Le professeur de Saussure a souligné l’importance des équilibres sociaux et le respect d’ autrui dans la défense de la liberté. Pour lui, l’Esprit des Lumières était important dans la définition des limites de la liberté. Par contre, ceci ne devrait pas permettre ni de diffamer ni d’insulter. « On a pas le droit de porter atteinte à l’image des individus, mais celle-ci est en même temps très subjectives »souligne-t-il. Il a également a relevé le manque de compréhension et de distance de la communication interculturelle dans le débat. « La société occidentale ne peut pas décider toute seule, dans le cas de respecter les minorités.
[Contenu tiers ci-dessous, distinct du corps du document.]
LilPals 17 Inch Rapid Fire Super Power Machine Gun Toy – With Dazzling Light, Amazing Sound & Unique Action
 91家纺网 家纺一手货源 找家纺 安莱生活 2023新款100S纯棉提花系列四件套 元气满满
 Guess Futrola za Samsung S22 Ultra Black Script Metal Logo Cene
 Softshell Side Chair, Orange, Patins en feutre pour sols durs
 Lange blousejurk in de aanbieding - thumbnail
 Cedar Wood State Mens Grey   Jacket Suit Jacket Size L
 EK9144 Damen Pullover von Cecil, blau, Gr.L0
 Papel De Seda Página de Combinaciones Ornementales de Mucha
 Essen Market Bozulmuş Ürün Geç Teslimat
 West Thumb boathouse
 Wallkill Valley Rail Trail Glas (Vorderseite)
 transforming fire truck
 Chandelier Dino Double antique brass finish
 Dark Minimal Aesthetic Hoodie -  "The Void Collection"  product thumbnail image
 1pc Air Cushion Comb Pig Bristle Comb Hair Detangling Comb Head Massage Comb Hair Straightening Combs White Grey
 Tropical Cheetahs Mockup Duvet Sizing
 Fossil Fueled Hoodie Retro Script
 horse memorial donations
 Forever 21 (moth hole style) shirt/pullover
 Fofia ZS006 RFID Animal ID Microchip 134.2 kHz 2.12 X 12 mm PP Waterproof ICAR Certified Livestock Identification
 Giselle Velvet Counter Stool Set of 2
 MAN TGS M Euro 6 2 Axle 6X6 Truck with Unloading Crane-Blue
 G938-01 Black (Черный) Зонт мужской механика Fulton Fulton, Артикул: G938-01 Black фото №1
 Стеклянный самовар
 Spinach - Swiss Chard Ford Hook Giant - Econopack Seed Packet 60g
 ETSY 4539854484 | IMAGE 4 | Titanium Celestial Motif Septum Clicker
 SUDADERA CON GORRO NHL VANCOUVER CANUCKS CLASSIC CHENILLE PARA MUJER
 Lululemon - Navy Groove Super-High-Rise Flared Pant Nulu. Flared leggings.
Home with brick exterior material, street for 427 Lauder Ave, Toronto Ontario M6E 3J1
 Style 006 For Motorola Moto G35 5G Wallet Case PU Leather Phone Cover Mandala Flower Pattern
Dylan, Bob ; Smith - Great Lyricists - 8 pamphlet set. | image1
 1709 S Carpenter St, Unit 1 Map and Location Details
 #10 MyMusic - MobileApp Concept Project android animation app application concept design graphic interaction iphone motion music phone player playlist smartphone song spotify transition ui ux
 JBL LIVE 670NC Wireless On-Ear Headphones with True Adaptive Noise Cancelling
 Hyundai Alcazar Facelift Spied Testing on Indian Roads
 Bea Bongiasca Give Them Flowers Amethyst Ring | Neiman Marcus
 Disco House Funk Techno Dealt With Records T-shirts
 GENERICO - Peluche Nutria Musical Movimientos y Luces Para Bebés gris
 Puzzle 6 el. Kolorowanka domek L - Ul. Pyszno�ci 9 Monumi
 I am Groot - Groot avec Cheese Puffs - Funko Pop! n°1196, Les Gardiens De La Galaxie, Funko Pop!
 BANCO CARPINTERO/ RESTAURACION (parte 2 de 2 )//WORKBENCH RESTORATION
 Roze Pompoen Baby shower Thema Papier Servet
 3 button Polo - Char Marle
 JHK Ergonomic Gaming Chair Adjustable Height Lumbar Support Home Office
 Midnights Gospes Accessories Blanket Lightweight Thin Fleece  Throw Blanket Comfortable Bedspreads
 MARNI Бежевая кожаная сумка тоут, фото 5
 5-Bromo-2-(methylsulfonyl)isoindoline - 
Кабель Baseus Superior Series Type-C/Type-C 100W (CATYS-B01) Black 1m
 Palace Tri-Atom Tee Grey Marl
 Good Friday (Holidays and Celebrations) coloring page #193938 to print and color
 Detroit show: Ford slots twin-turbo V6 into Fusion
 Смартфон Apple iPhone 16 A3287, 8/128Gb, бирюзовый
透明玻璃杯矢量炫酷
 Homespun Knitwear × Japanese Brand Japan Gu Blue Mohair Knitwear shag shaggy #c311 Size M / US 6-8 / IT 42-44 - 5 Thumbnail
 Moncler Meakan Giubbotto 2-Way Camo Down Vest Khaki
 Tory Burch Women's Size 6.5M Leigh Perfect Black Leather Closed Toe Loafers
Notre société s’est désacralisée depuis la Révolution et des Lumières. Je crois qu’on ne comprend pas et on est incapable de comprendre d’où vient le problème car à cause des Lumières notre culture nous a rendus en même temps incapables de comprendre ce problème » Comme solution, il proposa le dialogue entre les civilisations, car l’Islam était une partie du christianisme.

Une liberté variée
Sylvie Arsever a éclairci les auditeurs au niveau déontologique. Elle dit que les valeurs de liberté sont variées d’une société à l’autre. Et dans certains pays musulmans, la liberté est comprise comme la liberté envers la confession donc la protection de la sphère privée. Dans le contexte de la Suisse il n’y a pas de thèmes que la caricature ne pourrait aborder. «Mais certains règles déontologiques doivent être appliquées. C’est-à-dire à travers l’exagération on doit dire la vérité en tenant compte du respect de la religion et de celui de la personnalité.» dit-elle. Ayant donné certains exemples de cas arrivés devant le Conseil suisse de presse, Sylvie Arsever explique qu’il fallait utiliser les symboles religieux sans les déformer et sans les rendre irrespectables. Les groupes ont aussi le droit de ne pas être atteints dans leurs images. « Plus le climat est raciste plus il faut être prudent. Le climat de haine nécessite  d’être prudent dans les clichés qui déclinent un groupe »dit-elle. « Elles étaient ni belles ni drôles » conclut la journaliste.